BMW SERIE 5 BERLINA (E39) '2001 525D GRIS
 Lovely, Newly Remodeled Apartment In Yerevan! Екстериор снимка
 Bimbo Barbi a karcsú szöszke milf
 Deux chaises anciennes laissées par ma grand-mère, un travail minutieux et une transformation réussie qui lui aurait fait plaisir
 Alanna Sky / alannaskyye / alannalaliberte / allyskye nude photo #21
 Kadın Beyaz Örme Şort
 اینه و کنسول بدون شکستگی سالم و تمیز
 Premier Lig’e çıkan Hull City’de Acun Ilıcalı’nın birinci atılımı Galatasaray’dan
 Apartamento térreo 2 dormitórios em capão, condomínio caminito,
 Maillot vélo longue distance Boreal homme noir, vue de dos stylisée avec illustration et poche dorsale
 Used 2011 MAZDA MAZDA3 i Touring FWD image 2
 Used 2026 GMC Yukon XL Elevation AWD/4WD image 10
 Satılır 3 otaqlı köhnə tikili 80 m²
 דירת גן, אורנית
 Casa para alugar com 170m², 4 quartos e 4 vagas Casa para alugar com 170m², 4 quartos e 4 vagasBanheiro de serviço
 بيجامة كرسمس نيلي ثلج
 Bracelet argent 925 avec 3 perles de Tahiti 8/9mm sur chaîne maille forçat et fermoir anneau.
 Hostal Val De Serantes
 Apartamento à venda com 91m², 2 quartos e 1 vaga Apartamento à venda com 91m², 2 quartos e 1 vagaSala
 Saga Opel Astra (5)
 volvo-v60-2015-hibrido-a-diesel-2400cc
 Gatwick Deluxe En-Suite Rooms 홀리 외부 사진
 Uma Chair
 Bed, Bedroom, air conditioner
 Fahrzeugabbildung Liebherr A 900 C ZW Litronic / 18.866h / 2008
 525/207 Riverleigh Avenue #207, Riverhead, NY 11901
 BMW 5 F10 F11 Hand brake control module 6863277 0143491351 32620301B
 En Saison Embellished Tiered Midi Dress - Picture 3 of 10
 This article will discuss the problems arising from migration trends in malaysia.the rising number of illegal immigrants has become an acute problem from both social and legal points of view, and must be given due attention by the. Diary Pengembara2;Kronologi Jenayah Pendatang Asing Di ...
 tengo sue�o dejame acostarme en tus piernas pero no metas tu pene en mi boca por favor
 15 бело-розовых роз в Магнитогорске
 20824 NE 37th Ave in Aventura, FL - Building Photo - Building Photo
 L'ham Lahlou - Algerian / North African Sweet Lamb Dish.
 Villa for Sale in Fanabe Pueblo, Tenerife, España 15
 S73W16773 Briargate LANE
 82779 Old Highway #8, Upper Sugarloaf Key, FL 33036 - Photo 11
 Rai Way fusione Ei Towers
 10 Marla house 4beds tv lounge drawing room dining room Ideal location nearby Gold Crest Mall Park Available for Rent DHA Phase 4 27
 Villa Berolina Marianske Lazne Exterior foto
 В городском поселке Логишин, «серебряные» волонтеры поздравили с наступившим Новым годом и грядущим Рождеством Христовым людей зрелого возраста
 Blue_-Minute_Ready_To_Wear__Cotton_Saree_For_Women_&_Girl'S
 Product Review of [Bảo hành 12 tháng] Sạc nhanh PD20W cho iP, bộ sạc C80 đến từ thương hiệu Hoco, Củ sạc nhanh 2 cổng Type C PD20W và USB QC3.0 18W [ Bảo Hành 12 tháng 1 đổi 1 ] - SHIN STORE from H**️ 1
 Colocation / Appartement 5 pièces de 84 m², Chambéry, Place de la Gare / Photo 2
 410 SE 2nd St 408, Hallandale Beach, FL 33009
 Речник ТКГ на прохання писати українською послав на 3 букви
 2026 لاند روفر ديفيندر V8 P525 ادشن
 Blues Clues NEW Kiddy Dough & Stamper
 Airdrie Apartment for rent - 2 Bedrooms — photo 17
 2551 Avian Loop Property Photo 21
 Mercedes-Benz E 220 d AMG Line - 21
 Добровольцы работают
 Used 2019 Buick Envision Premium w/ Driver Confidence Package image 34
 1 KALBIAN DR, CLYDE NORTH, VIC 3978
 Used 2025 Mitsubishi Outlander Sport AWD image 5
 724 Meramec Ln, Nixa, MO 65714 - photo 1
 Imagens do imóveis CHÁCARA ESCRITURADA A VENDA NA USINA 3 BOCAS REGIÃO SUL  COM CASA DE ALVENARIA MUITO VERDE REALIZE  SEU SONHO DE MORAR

---------------

With no word added or dropped, repeat the entire listing.

BMW SERIE 5 BERLINA (E39) '2001 525D GRIS
 Lovely, Newly Remodeled Apartment In Yerevan! Екстериор снимка
 Bimbo Barbi a karcsú szöszke milf
 Deux chaises anciennes laissées par ma grand-mère, un travail minutieux et une transformation réussie qui lui aurait fait plaisir
 Alanna Sky / alannaskyye / alannalaliberte / allyskye nude photo #21
 Kadın Beyaz Örme Şort
 اینه و کنسول بدون شکستگی سالم و تمیز
 Premier Lig’e çıkan Hull City’de Acun Ilıcalı’nın birinci atılımı Galatasaray’dan
 Apartamento térreo 2 dormitórios em capão, condomínio caminito,
 Maillot vélo longue distance Boreal homme noir, vue de dos stylisée avec illustration et poche dorsale
 Used 2011 MAZDA MAZDA3 i Touring FWD image 2
 Used 2026 GMC Yukon XL Elevation AWD/4WD image 10
 Satılır 3 otaqlı köhnə tikili 80 m²
 דירת גן, אורנית
 Casa para alugar com 170m², 4 quartos e 4 vagas Casa para alugar com 170m², 4 quartos e 4 vagasBanheiro de serviço
 بيجامة كرسمس نيلي ثلج
 Bracelet argent 925 avec 3 perles de Tahiti 8/9mm sur chaîne maille forçat et fermoir anneau.
 Hostal Val De Serantes
 Apartamento à venda com 91m², 2 quartos e 1 vaga Apartamento à venda com 91m², 2 quartos e 1 vagaSala
 Saga Opel Astra (5)
 volvo-v60-2015-hibrido-a-diesel-2400cc
 Gatwick Deluxe En-Suite Rooms 홀리 외부 사진
 Uma Chair
 Bed, Bedroom, air conditioner
 Fahrzeugabbildung Liebherr A 900 C ZW Litronic / 18.866h / 2008
 525/207 Riverleigh Avenue #207, Riverhead, NY 11901
 BMW 5 F10 F11 Hand brake control module 6863277 0143491351 32620301B
 En Saison Embellished Tiered Midi Dress - Picture 3 of 10
 This article will discuss the problems arising from migration trends in malaysia.the rising number of illegal immigrants has become an acute problem from both social and legal points of view, and must be given due attention by the. Diary Pengembara2;Kronologi Jenayah Pendatang Asing Di ...
 tengo sue�o dejame acostarme en tus piernas pero no metas tu pene en mi boca por favor
 15 бело-розовых роз в Магнитогорске
 20824 NE 37th Ave in Aventura, FL - Building Photo - Building Photo
 L'ham Lahlou - Algerian / North African Sweet Lamb Dish.
 Villa for Sale in Fanabe Pueblo, Tenerife, España 15
 S73W16773 Briargate LANE
 82779 Old Highway #8, Upper Sugarloaf Key, FL 33036 - Photo 11
 Rai Way fusione Ei Towers
 10 Marla house 4beds tv lounge drawing room dining room Ideal location nearby Gold Crest Mall Park Available for Rent DHA Phase 4 27
 Villa Berolina Marianske Lazne Exterior foto
 В городском поселке Логишин, «серебряные» волонтеры поздравили с наступившим Новым годом и грядущим Рождеством Христовым людей зрелого возраста
 Blue_-Minute_Ready_To_Wear__Cotton_Saree_For_Women_&_Girl'S
 Product Review of [Bảo hành 12 tháng] Sạc nhanh PD20W cho iP, bộ sạc C80 đến từ thương hiệu Hoco, Củ sạc nhanh 2 cổng Type C PD20W và USB QC3.0 18W [ Bảo Hành 12 tháng 1 đổi 1 ] - SHIN STORE from H**️ 1
 Colocation / Appartement 5 pièces de 84 m², Chambéry, Place de la Gare / Photo 2
 410 SE 2nd St 408, Hallandale Beach, FL 33009
 Речник ТКГ на прохання писати українською послав на 3 букви
 2026 لاند روفر ديفيندر V8 P525 ادشن
 Blues Clues NEW Kiddy Dough & Stamper
 Airdrie Apartment for rent - 2 Bedrooms — photo 17
 2551 Avian Loop Property Photo 21
 Mercedes-Benz E 220 d AMG Line - 21
 Добровольцы работают
 Used 2019 Buick Envision Premium w/ Driver Confidence Package image 34
 1 KALBIAN DR, CLYDE NORTH, VIC 3978
 Used 2025 Mitsubishi Outlander Sport AWD image 5
 724 Meramec Ln, Nixa, MO 65714 - photo 1
 Imagens do imóveis CHÁCARA ESCRITURADA A VENDA NA USINA 3 BOCAS REGIÃO SUL  COM CASA DE ALVENARIA MUITO VERDE REALIZE  SEU SONHO DE MORAR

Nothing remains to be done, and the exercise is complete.